Update semantics

<!> Solr4.0 (I hope)

Please note that the features described here have not yet been committed.

Motivation

Solr is missing advanced features when using it as a NoSQL database and not just as a search index. When talking about using it as a NoSQL database instead of just as a search index, I primarily mean cases where you use Solr in a way where you have (potentially many) threads concurrently inserting, updating and deleting documents. Using Solr as a search index, is more about first indexing your entire world into Solr using one thread (or many threads, but without the possibility that they mess with data indexed by another thread), and afterwards solely using it for searching.

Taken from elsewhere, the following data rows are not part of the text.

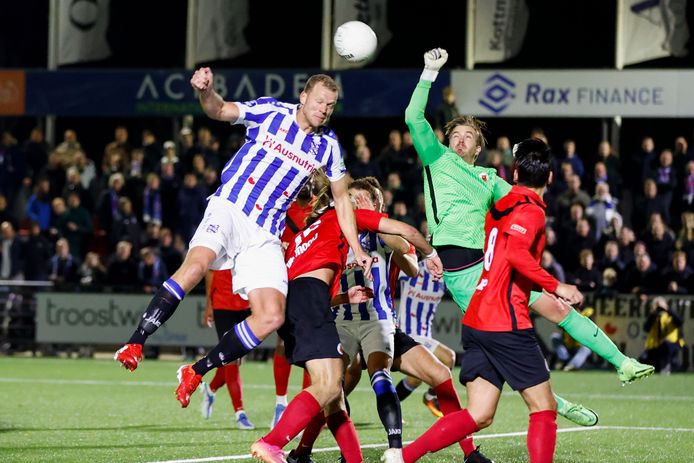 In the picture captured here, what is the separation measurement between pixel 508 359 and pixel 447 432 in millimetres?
562

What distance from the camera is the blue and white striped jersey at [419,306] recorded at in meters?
12.5

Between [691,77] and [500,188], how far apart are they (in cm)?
1504

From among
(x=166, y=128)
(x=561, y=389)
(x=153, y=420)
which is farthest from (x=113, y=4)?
(x=153, y=420)

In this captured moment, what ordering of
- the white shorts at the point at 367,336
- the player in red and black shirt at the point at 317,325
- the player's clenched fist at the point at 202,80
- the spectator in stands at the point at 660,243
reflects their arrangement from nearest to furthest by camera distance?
1. the player in red and black shirt at the point at 317,325
2. the player's clenched fist at the point at 202,80
3. the white shorts at the point at 367,336
4. the spectator in stands at the point at 660,243

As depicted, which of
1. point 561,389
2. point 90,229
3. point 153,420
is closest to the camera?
point 153,420

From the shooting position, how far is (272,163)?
27.0 ft

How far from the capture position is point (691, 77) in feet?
76.7

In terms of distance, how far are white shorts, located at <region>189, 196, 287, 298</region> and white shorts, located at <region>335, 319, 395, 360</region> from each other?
96cm

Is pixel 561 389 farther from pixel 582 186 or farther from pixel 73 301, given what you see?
pixel 73 301

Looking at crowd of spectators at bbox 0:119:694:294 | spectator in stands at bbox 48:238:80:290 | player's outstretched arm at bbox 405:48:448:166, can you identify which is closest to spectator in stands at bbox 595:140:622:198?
crowd of spectators at bbox 0:119:694:294

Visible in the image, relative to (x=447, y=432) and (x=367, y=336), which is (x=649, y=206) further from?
(x=447, y=432)

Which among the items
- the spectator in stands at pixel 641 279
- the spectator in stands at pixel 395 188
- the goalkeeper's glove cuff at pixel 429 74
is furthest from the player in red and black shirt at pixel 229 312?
the spectator in stands at pixel 395 188

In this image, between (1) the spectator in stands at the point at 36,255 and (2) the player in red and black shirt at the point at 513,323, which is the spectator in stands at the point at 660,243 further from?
(2) the player in red and black shirt at the point at 513,323

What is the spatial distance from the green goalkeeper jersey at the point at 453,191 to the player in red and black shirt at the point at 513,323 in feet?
5.52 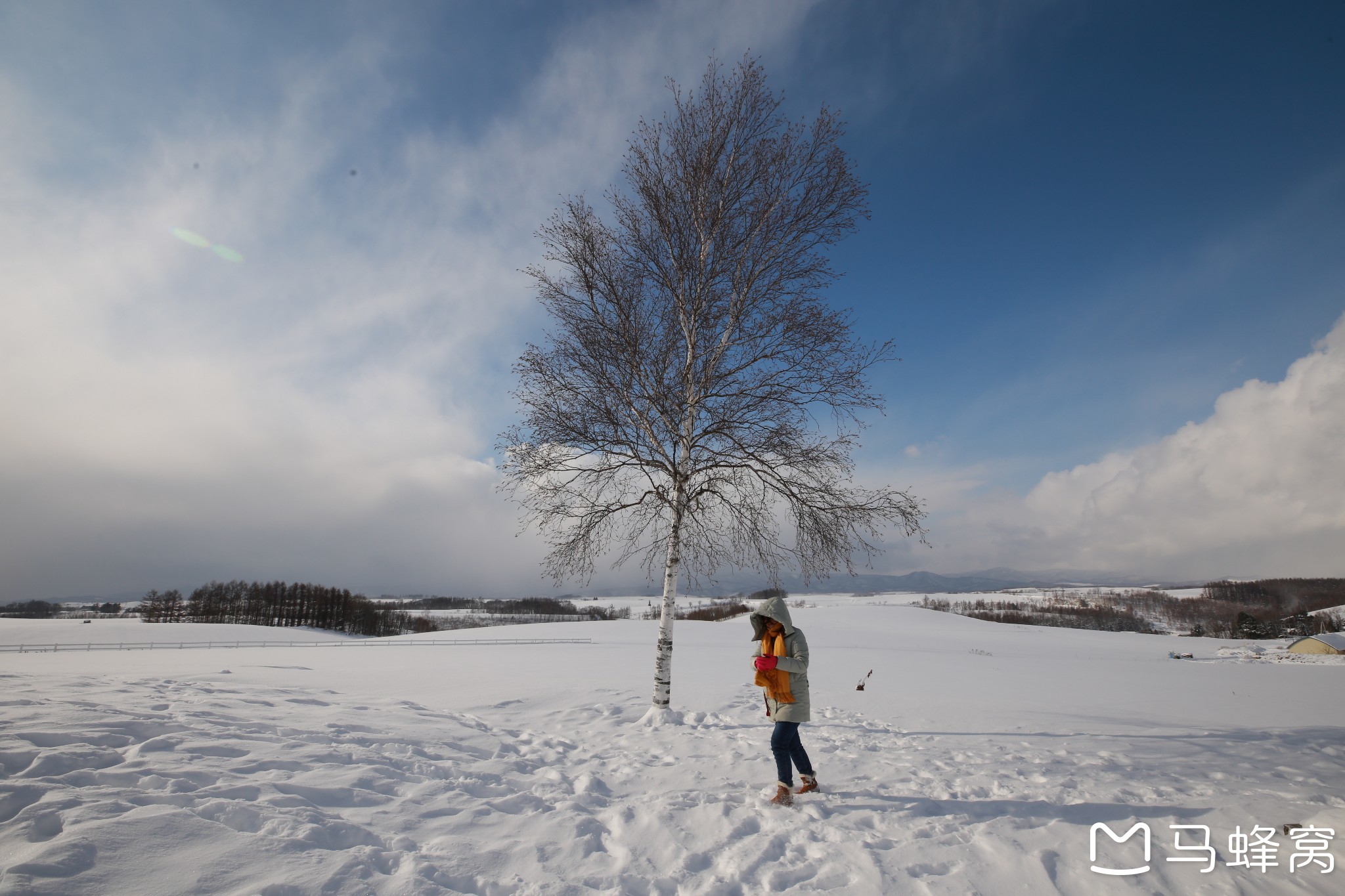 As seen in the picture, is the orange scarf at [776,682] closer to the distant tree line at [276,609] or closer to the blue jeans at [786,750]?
the blue jeans at [786,750]

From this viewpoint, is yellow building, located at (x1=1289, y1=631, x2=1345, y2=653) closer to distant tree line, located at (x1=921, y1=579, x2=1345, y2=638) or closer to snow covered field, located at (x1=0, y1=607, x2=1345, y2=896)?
distant tree line, located at (x1=921, y1=579, x2=1345, y2=638)

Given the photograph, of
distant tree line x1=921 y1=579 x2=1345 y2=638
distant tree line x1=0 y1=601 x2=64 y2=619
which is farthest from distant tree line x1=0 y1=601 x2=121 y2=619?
distant tree line x1=921 y1=579 x2=1345 y2=638

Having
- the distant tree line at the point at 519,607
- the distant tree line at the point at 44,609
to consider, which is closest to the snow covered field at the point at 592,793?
the distant tree line at the point at 519,607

Some of the features missing are:

INSERT INTO docs (id, column2, column3,...) VALUES (1234, value2, value3,...)

UPDATE docs SET column2=value2, column3=value3, ... WHERE id=1234 AND version=5678

Solution

Description

The above features could have been implemented by providing you with different ways of "updating" documents in Solr, than by using the "update-add-docs" operation. But instead the "update-add-docs" operation is still the only operation you have for inserting/updating documents in Solr, but now you have a way of controlling the exact semantics you want Solr to do behind the scenes. First of all you need to decide which sematics-mode you want to use - you have the following options

Errors

When using consistency or the consistency-features of classic-consistency-hybrid (setting _version_ to something different than 0) the update of single documents can fail in a non-fatal way, while the update of other documents in the same request succeeded. Errors are sent back to the Solr client in the response, and it is up to the client to react in a resonable way. The information in a single error consist of

A request can result in zero, one or many errors.

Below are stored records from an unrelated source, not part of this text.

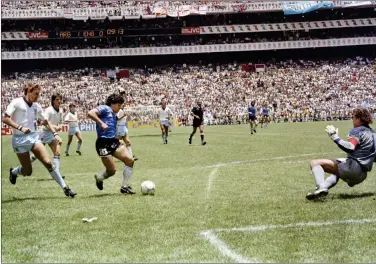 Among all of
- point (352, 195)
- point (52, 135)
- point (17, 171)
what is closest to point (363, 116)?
point (352, 195)

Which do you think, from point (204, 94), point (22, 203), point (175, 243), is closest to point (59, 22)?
point (204, 94)

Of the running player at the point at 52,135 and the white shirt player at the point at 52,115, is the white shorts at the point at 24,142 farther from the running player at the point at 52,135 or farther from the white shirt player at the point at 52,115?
the white shirt player at the point at 52,115

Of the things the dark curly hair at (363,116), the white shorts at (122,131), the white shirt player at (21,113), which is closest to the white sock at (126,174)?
the white shirt player at (21,113)

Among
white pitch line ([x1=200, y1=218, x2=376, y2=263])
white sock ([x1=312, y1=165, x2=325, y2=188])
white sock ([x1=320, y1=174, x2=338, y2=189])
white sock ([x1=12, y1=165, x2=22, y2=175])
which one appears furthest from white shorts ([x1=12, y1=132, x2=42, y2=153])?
white sock ([x1=320, y1=174, x2=338, y2=189])

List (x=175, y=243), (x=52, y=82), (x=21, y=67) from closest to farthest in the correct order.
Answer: (x=175, y=243) → (x=52, y=82) → (x=21, y=67)

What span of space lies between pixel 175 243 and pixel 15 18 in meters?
57.9

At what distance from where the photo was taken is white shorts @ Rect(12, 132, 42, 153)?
30.0ft

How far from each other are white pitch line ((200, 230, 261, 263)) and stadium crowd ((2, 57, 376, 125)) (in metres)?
28.3

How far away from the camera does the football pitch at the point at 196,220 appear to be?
17.1 ft

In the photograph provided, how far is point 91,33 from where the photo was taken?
61531 mm

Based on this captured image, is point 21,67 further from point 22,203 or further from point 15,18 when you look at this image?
point 22,203

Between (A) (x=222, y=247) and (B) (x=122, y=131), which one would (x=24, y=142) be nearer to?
(A) (x=222, y=247)

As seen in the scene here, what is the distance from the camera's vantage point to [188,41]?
65.2m

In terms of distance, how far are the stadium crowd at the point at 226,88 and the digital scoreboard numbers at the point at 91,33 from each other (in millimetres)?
4090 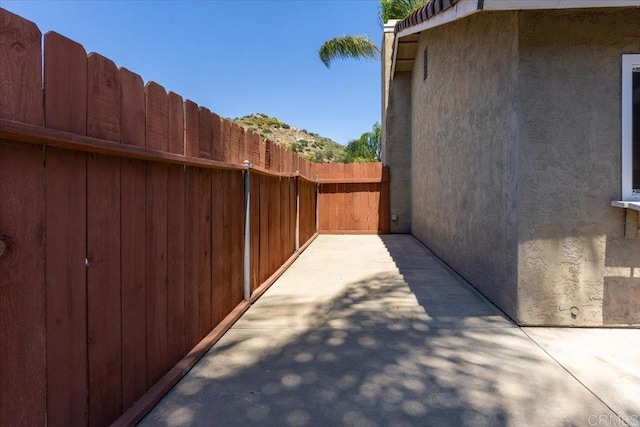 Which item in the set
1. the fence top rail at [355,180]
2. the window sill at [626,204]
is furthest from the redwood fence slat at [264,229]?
the fence top rail at [355,180]

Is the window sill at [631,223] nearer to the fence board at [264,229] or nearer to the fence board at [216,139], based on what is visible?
the fence board at [216,139]

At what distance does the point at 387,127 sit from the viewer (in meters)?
10.6

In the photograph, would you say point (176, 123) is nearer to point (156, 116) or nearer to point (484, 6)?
point (156, 116)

As you know by now, in order to link errors in responses properly with the documents in the request, you need to also add a "part reference" to all of you documents in the request. If you dont explicitly provide a "part reference" for a document in a multi-document request, and the handling of this particular document results in an error, the "part reference" in the response will just be a random UUID and you will not be able to match errors in the response with documents in the request.

In the context of "update-add-docs" requests, the following error-codes/error-types are relevant

Using it

This section describes how to use the features as a Solr user.

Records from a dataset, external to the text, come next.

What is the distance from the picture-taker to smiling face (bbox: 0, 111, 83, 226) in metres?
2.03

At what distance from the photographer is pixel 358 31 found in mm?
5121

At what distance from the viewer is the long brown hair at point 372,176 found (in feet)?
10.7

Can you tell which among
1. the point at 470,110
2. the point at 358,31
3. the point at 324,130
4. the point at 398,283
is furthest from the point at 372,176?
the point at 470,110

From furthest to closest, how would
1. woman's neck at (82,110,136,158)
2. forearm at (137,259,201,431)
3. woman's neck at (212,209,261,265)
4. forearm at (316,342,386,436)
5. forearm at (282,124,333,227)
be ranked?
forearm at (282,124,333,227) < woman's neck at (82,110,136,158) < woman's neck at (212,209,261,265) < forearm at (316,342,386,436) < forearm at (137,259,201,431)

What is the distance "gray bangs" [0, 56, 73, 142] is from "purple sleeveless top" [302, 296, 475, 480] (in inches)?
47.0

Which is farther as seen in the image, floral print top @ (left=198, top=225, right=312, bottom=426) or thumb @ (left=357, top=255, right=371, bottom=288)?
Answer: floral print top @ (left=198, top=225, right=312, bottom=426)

Configuration of Solr server

You control the semantics-mode by adding a semanticsMode tag inside your DirectUpdateHandler2-based updateHandler. In solrconfig.xml:

  <updateHandler class="solr.DirectUpdateHandler2">
    ...
    <semanticsMode>put classic, consistency or classic-consistency-hybrid here</semanticsMode>
    ...
  </updateHandler>

classic is default if you dont add a semanticsMode tag.

To use consistency or the consistency-features of classic-consistency-hybrid (really no reason to configure classic-consistency-hybrid if you plan to never use the consistency-features (always sending 0 as _version_)) there are a few additional requirements to your Solr schema (schema.xml) and configuration (solrconfig.xml).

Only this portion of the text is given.